Topics and approaches might include but are not limited to transnational, hemispheric, and oceanic studies; the impact of new media and digital technologies on research and teaching practices in the field; history of the book and print culture; critical race, ethnicity, indigeneity, border and diaspora studies; urban/rural studies and critical geography; gender, sexuality and queer studies; religion, belief, and secularization; democracy and citizenship; the body, affect, and disability studies; science and technology studies; spectatorship, collecting, and museum studies; migration, multilingualism, and translation; literature and philosophy; theories of the archive and the canon.

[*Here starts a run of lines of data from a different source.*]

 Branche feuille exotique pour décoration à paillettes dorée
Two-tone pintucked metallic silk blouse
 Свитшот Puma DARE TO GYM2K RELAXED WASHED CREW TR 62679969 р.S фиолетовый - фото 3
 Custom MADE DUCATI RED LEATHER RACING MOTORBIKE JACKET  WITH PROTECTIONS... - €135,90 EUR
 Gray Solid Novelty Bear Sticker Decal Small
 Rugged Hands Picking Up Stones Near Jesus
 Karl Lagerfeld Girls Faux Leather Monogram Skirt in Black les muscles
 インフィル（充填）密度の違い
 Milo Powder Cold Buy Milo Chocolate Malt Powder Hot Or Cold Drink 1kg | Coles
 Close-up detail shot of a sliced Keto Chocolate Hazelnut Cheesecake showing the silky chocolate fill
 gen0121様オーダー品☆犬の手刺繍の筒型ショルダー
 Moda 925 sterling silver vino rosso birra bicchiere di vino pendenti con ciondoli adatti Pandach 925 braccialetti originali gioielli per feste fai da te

Our conference’s location in Berkeley, California offers the opportunity to rethink conventional framings of the development of American nationhood as well as its literary and cultural traditions. We are especially interested in paper and panel submissions that tie in to the conference site: for example, through the work of writers and intellectuals who either found their way to California or imaginatively engaged with exploration, travel, and migration across the continent or throughout the wider Pacific world. Other site-related papers might reconsider familiar works or historical paradigms, such as expansionism, from this position at the „edge“ of the continent. We encourage submissions that complement the UCB Bancroft Library’s strengths-including not only its Mark Twain collection, but its extensive holdings in Western, Latin American, and Asia-Pacific authors and texts; its archives of Native America and of the Mexican borderlands; and its materials on environmentalist and utopian movements in California as well as nineteenth-century drama, performance, and humor in general.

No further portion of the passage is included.